Summary / Closing Remarks
Kansai International is a nice scenery add-on that performs rather well. It represents the real-world counterpart very well, and many of the passenger terminal-related buildings look good and seem detailed. The jetways look really nice, and the fact that these move, like the default FSX jetways, is something I wish more developers would do.
At night the passenger terminal looks good too, but I wish the night textures would be brighter. Much of this area actually seems rather dark at night. Some more light sources would have been most welcome, although the gold apron lights look pretty good. Finally, there is no ground equipment at all, which results in a very empty looking apron. The addition of these would have been a great plus.
The cargo area is of a lower quality. The buildings are less detailed and as a consequence these can look a bit bland here and there. This is especially true for the buildings that aren’t positioned directly along the cargo apron. All in all though, what applies for the passenger terminal area also applies to the cargo areas: at night it’s a bit dark and more ground equipment would have resulted in a less “empty” atmosphere.
It’s great that so much of the surroundings were covered with photoreal scenery, and that important landmarks like the bridge that connects the airport to Osaka have been modeled. All in all, there is some remarkable attention to detail in the areas close to the bridge, which is logical considering the fact that it is right under the approach path of one of the runways.
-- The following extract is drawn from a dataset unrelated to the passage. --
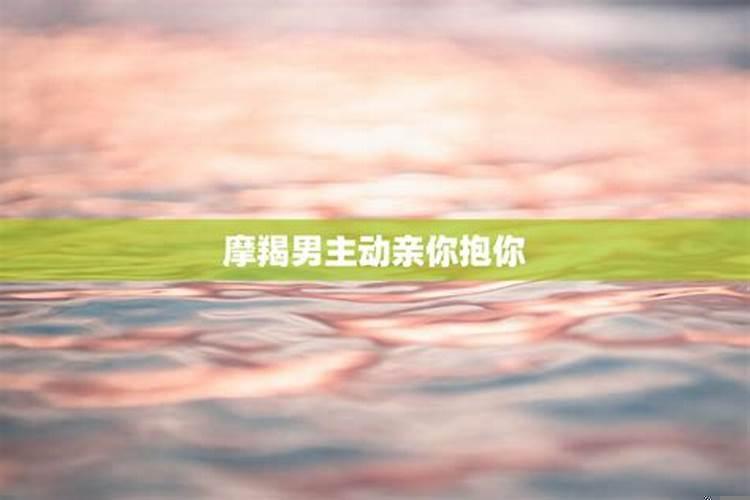 水瓶男见面就亲你抱你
Concluding, Kansai International is a very nice scenery. It offers detailed buildings, good texturing, coupled to good performance. The problem and its main weakness is the price: $50 for a scenery is very steep. You’ll have to think for yourself whether you find it worthwhile. If you’re an avid Japan flyer, you will find that it probably is worthwhile. If not, you might want to look at other sceneries.
Test Time: 7 hours
What I Like About Kansai International Airport
- Relatively detailed modeling.
- Nice texturing.
- Nice night lighting, though sometimes a bit dark.
- Moving jetways.
- Huge photoscenery coverage.
- Good performance, considering the size of the airport.
What I Don't Like About Kanasai International Airport
- No ground equipment makes the airport look empty.
- Texturing of some buildings a bit bland; could have been “dirtier”.
- Ground imagery of higher resolution would be welcome in more places.